**DIRECTIONS**
The lines to repeat are those below from the one containing "This outdoor living" down to the one containing "shot, Low angle", both included; reproduce them exactly and nothing else.

**RECORDS FOR PROCESSING**

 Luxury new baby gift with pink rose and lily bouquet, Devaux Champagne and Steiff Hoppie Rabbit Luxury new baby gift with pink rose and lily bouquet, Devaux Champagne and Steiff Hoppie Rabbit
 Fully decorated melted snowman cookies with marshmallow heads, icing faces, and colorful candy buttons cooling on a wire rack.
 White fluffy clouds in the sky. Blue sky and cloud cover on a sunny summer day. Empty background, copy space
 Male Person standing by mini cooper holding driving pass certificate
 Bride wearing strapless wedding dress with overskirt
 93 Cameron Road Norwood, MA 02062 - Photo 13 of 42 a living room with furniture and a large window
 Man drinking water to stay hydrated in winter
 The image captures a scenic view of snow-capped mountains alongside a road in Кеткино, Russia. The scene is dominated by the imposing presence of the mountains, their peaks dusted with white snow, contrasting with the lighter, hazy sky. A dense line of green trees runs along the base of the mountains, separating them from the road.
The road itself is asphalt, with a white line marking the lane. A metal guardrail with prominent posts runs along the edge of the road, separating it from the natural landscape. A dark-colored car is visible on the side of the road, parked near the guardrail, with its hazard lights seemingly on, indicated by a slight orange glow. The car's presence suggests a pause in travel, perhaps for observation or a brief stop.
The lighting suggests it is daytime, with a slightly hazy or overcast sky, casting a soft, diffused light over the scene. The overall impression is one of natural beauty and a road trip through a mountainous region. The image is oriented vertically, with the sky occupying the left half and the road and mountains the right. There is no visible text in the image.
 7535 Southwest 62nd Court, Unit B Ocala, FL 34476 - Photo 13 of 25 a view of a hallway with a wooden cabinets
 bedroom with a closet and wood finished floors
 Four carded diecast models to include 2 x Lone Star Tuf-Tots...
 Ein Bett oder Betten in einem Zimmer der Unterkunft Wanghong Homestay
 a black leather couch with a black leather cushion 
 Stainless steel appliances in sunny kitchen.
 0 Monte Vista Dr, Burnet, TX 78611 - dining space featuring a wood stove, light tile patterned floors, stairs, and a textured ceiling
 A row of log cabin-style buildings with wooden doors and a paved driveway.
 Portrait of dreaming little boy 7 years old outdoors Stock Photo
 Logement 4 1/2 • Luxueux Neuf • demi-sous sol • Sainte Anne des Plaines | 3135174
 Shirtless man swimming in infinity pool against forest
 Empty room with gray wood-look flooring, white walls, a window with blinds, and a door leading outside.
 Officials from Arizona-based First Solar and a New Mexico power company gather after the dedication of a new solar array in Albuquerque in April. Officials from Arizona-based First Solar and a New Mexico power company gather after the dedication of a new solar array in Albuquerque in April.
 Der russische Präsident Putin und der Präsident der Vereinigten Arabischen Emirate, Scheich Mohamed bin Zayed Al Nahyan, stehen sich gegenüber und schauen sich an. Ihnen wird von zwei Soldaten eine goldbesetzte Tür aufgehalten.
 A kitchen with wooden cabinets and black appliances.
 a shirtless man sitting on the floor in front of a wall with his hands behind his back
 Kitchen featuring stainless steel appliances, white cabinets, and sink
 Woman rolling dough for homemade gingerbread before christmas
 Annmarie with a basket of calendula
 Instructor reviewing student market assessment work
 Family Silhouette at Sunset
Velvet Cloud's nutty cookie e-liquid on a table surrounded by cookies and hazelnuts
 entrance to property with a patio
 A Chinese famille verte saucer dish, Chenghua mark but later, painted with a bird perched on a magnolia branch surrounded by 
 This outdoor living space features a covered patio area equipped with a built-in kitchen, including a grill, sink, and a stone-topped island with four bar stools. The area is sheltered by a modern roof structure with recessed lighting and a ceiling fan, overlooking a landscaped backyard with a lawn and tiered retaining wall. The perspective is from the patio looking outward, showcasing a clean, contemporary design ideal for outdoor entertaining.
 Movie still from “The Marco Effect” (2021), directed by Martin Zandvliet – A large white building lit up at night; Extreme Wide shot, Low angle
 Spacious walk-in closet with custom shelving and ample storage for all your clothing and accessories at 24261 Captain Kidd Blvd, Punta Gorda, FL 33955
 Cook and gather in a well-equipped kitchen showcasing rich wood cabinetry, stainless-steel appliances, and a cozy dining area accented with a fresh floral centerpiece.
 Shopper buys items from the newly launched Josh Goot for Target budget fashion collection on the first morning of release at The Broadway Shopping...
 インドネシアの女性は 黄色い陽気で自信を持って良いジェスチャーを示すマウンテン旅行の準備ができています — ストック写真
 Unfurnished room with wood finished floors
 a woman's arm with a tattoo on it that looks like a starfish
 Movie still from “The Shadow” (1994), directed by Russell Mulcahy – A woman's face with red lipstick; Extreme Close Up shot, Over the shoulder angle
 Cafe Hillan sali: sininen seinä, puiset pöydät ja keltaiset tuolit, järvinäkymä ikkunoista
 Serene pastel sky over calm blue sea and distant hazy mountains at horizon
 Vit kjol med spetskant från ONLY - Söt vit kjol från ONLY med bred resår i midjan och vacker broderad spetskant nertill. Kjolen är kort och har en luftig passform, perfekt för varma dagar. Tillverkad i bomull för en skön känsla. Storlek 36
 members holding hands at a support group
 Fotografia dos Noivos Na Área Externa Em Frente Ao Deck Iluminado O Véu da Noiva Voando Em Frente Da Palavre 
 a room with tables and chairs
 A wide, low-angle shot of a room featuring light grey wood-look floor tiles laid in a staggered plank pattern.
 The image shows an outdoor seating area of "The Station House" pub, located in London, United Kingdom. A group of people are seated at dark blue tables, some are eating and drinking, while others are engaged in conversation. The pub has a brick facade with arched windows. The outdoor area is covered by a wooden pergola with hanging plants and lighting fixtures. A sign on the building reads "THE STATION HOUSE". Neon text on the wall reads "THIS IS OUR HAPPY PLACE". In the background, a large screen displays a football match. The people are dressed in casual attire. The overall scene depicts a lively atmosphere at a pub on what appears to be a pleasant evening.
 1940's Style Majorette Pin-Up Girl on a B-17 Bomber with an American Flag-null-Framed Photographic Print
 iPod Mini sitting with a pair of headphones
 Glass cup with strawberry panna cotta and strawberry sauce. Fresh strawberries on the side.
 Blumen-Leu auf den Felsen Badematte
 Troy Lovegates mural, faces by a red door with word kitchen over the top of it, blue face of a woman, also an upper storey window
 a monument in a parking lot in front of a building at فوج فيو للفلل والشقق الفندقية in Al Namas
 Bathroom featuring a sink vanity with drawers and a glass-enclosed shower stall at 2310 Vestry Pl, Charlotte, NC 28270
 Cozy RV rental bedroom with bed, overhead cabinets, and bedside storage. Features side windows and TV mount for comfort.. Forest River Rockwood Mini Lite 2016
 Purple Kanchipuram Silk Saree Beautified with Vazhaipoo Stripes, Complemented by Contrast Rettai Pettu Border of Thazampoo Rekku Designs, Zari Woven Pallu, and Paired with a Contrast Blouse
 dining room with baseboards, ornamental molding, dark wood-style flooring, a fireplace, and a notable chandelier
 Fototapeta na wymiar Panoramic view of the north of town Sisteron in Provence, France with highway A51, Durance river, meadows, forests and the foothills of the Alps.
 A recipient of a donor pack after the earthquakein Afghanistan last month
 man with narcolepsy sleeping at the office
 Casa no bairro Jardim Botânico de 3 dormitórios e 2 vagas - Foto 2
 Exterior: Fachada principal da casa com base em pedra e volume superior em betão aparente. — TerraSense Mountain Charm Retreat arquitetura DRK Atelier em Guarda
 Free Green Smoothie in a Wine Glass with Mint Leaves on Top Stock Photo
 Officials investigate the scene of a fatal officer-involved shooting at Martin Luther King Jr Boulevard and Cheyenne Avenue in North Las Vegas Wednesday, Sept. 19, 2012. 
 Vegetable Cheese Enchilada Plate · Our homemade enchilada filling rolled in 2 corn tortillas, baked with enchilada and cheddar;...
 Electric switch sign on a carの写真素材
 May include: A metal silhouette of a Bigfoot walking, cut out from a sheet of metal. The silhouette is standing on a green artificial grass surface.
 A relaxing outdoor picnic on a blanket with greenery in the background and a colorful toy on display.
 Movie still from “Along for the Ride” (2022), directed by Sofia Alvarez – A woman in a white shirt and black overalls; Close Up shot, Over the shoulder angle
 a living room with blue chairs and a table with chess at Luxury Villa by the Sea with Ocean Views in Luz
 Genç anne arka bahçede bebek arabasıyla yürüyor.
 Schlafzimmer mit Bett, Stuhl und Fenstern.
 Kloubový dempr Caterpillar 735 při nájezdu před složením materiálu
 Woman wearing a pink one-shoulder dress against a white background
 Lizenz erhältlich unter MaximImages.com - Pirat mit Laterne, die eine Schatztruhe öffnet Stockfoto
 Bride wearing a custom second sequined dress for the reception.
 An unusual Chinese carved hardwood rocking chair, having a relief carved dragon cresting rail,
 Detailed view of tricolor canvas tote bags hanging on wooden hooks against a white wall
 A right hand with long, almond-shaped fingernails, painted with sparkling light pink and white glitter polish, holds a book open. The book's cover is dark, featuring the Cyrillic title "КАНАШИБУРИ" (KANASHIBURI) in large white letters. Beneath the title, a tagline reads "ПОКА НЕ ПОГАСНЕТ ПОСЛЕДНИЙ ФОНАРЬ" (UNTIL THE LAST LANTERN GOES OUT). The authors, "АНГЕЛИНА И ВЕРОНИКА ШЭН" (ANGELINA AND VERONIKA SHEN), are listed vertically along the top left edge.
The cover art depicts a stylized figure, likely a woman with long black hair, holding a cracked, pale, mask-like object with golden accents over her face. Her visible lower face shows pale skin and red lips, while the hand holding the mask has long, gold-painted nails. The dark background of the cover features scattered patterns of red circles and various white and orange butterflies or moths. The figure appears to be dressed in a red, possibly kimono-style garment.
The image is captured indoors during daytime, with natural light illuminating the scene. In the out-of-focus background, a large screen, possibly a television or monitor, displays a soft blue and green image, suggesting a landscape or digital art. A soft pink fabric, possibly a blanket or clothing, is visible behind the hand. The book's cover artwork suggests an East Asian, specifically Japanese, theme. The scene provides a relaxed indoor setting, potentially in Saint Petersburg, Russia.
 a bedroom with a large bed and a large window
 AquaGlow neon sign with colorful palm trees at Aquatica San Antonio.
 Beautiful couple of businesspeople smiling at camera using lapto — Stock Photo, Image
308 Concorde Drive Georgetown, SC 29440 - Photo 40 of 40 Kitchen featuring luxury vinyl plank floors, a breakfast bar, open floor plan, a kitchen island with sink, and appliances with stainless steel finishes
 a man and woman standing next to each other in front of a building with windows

**RESULT FOR THIS TASK**
 This outdoor living space features a covered patio area equipped with a built-in kitchen, including a grill, sink, and a stone-topped island with four bar stools. The area is sheltered by a modern roof structure with recessed lighting and a ceiling fan, overlooking a landscaped backyard with a lawn and tiered retaining wall. The perspective is from the patio looking outward, showcasing a clean, contemporary design ideal for outdoor entertaining.
 Movie still from “The Marco Effect” (2021), directed by Martin Zandvliet – A large white building lit up at night; Extreme Wide shot, Low angle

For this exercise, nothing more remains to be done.